She narrowed her eyes at me and stopped struggling. "Deal." Her voice sent chills down my spine, but I was relieved she calmed down. She was seriously giving me a headache! I released her from my grip, and she dropped to the floor with a light thud. "Rude mongrel." She grumbled under her breath as she stood up and brushed herself off. I suddenly realised how inappropriate my treatment of her was. She was tiny! The size of a mouse or a rat, no more than four inches tall! I invited her in, didn't I? Even if I hadn't believed in the dumb little milk schtick, I did the deed anyway.

"So," I began with an awkward smile. "I'm Philip Andersen. Not sure what you meant by oathbreaker or whatever, because I never agreed to anything?" She rolled her eyes at me and clicked her tongue. "Whatever your problem is, like, that's between you and my parents. Right? And they're..." my breath hitched as the thought brought up painful memories. "Well, they can't honour those deals anymore."

She stepped closer to me, and for a moment, her face softened in sympathy. "Ah. Tragic." She observed me for a minute, then sighed and extended her hand. "You humans. Liminal beings, yes? On the plane for a spell. Then off." She clicked her fingers as if to demonstrate an abrupt end. "Not so for fae." Her solemn face was quite pretty, and her deep green eyes seemed wise beyond her years. "Well, Philip Andersen. Let's talk new deal. Don't dishonour your parents' memory, hm? Humiliating oathbreaker. Leaves wax to harden, wicks unlit." She wrinkled her nose in disgust at the affront of burned-out candles. "Can we nibble, human? Me, the others, you?"

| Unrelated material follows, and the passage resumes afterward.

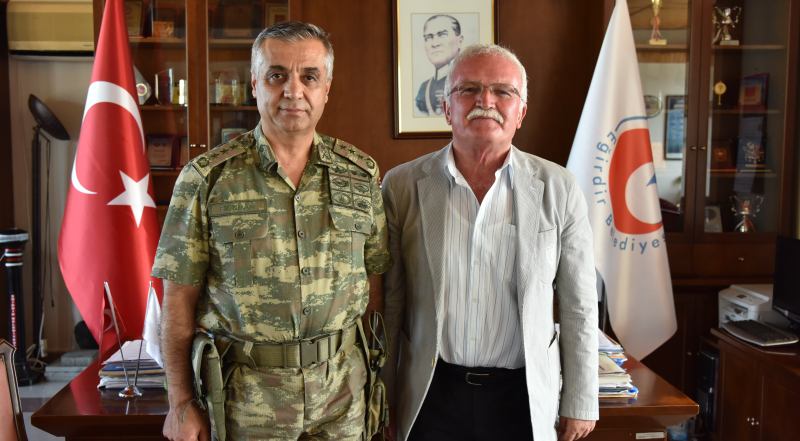 Eğirdir Dağ Komando Komutanından veda ziyareti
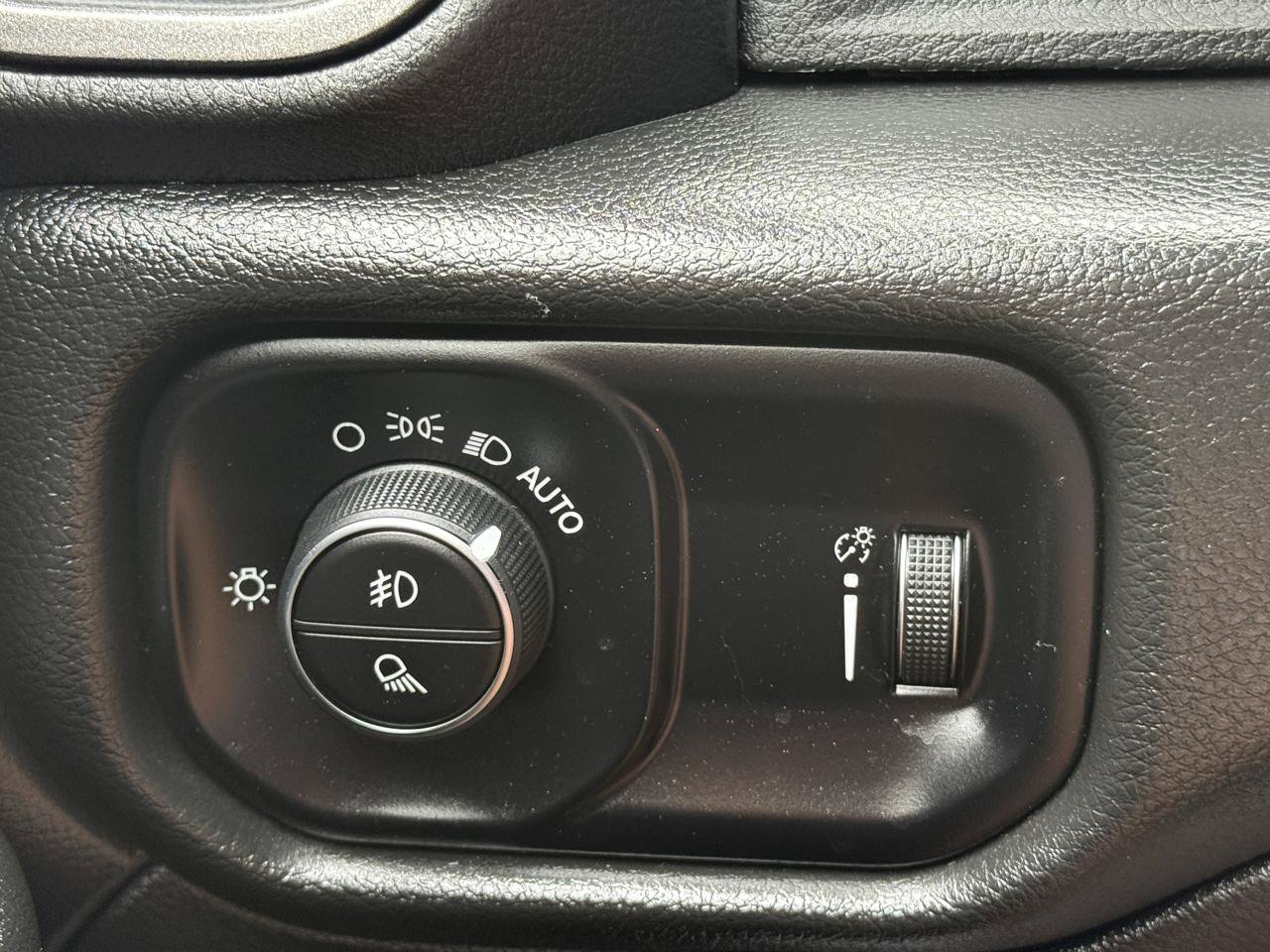 Used 2025 RAM 3500 Tradesman w/ Chrome Appearance Group AWD/4WD image 21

I nodded at her suggestion and pointed at the dining table. "Sure. Go ahead. Help yourself." I wondered if this was the strangest dream ever; I imagined a drunken fever dream would never make this much sense. Everything felt so real, though, and the fairy seemed to have a clear objective in mind: getting revenge on my family for some broken agreement. "Hey, excuse me?" I called out to her as she darted towards the table. She spun on her heels and hovered in midair, watching me with suspicion in her eyes. "Why did you call me 'oathbreaker'?"

"Much to discuss, human." Her solemn expression was cheapened by the obvious drool in her mouth and her twitchy hand gestures towards the table. "Full bellies make better stories! Fetch strong wine?" I nodded, because—if I was to be honest—I probably needed a drink much more than she did. The tiny fairy burst into a fit of giggles and dive-bombed the table, knocking over the plates and silverware while she rummaged through my prepared meal. "More onions, less pepper!"

Oh, so the onions were a bad idea after all.


When I returned from the kitchen, bottle of fortified port in hand, I heard hushed voices from the dining area. Three other tiny women chattered away as they set up their spots at the table; two flew while the other walked with a limp, using a cane fashioned from a pen tip. Their wings fluttered as they buzzed about, laying out the improvised cutlery and makeshift plates, but the third one was grounded and had to rely on her pen-cane.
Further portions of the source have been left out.